From my solutions page, I saw that
$f(x)= \sqrt{\frac{x+1}{x-1}}$
$ f^{\prime}(x)=\frac{-1}{\mid x-1\mid\sqrt{x^{2}-1}} $
However, I got that:
$ f^{\prime}(x)=\frac{-1}{\sqrt{x+1} \sqrt{(x-1)^{3}}} $
which is the same answer from this youtube video:
https://www.youtube.com/watch?v=AegzQ_dip8k&t=14247s
Are they both correct?

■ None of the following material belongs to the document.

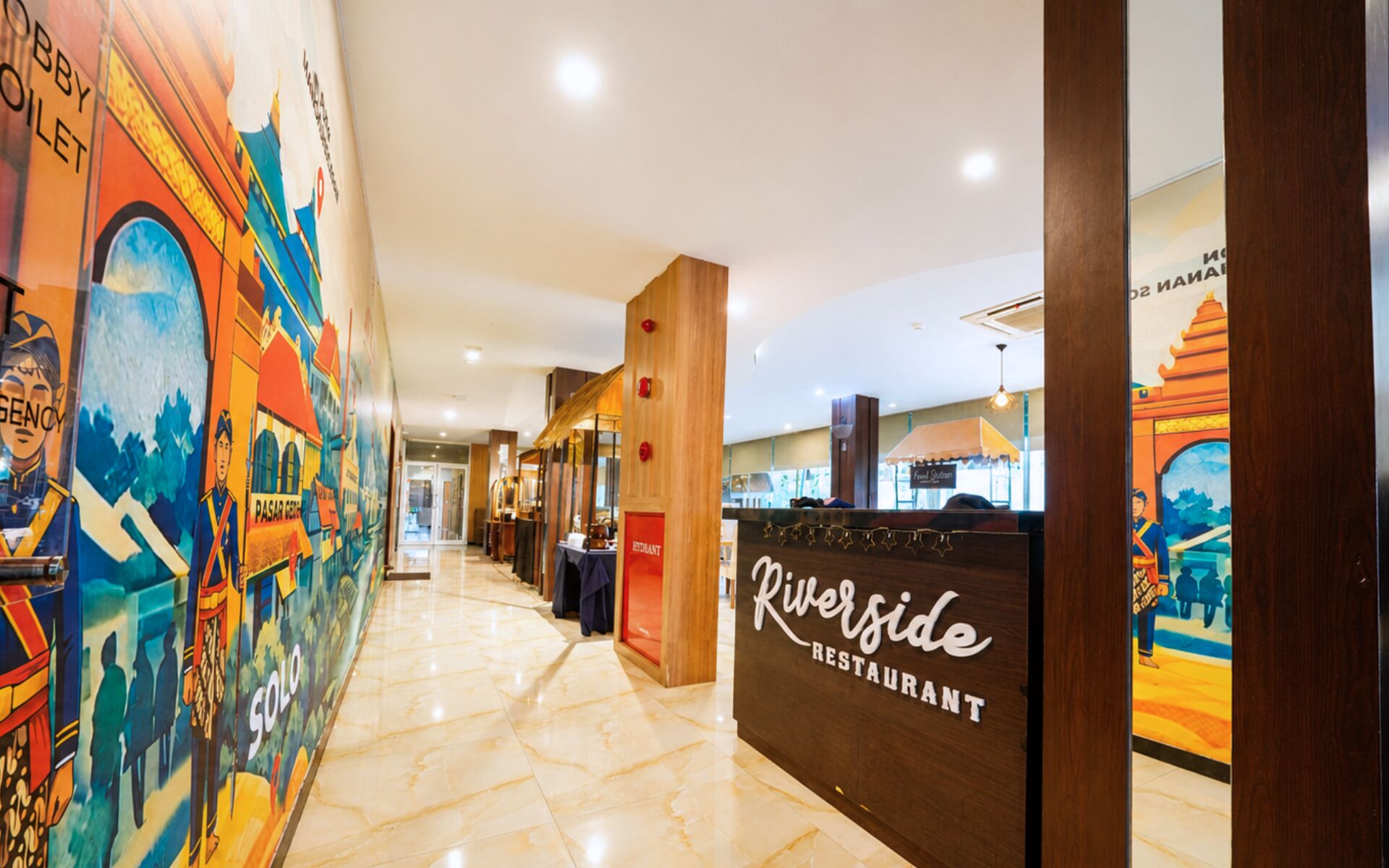 Un pasillo con un mural a la izquierda, un mostrador de recepción de madera con la leyenda 'Riverside Restaurant' y una vista parcial de un restaurante al fondo.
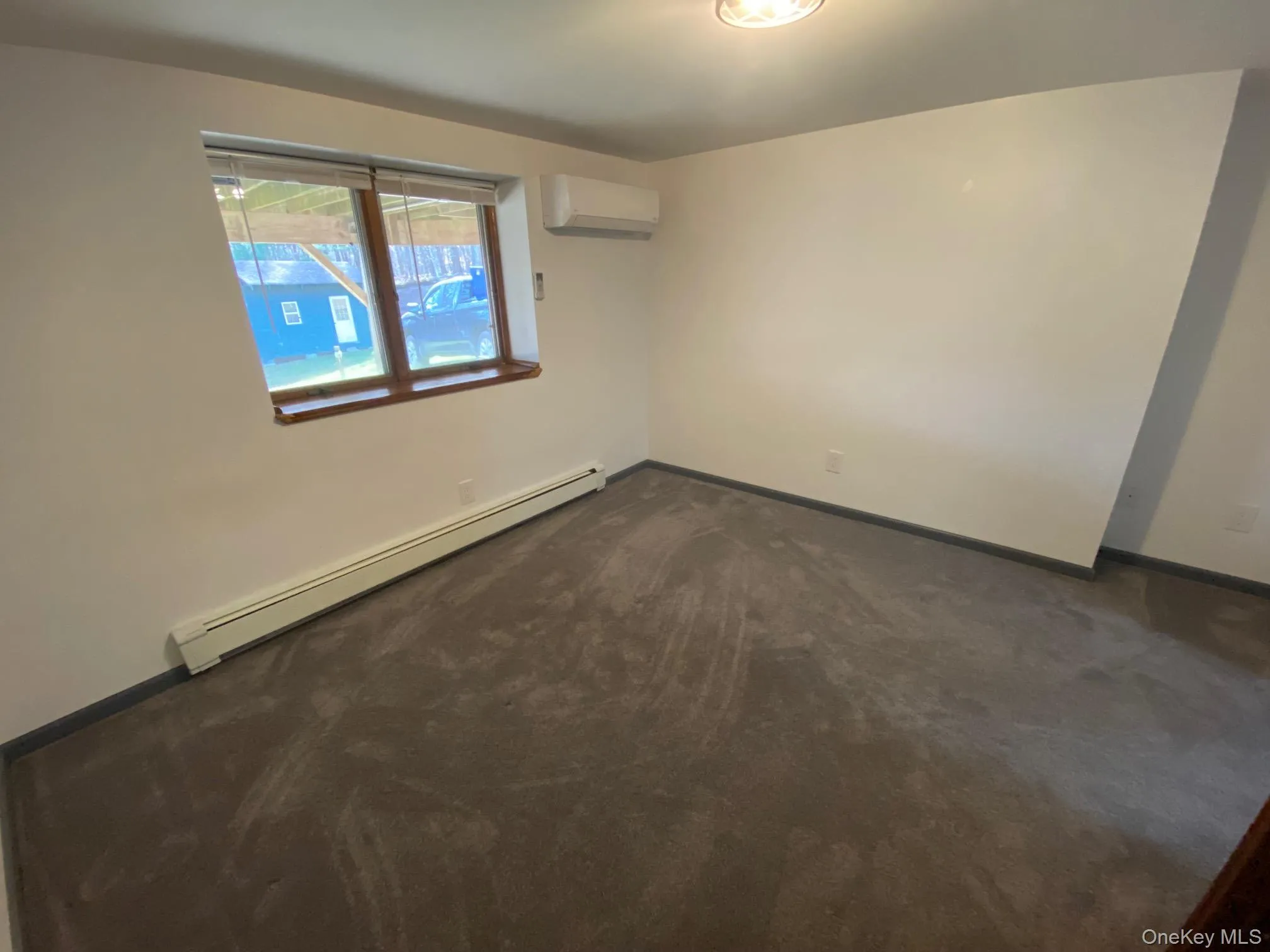 Bedroom featuring a wall mounted air conditioner, dark colored carpet, and a baseboard radiator Bedroom featuring a wall mounted air conditioner, dark colored carpet, and a baseboard radiator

If they are, how does $ f^{\prime}(x)=\frac{-1}{\sqrt{x+1} \sqrt{(x-1)^{3}}} $ simplify to $ f^{\prime}(x)=\frac{-1}{\mid x-1\mid\sqrt{x^{2}-1}} $? Any and all hints are appreciated so I can understand this solution, because all the justifications I have heard from friends do not make sense...
You have\begin{align}-\frac1{\sqrt{x+1}\sqrt{(x-1)^3}}&=-\frac1{\sqrt{x+1}\sqrt{(x-1)^2}\sqrt{x-1}}\\&=-\frac1{\sqrt{(x+1)(x-1)}|x-1|}\\&=-\frac1{\sqrt{x^2-1}|x-1|}.\end{align}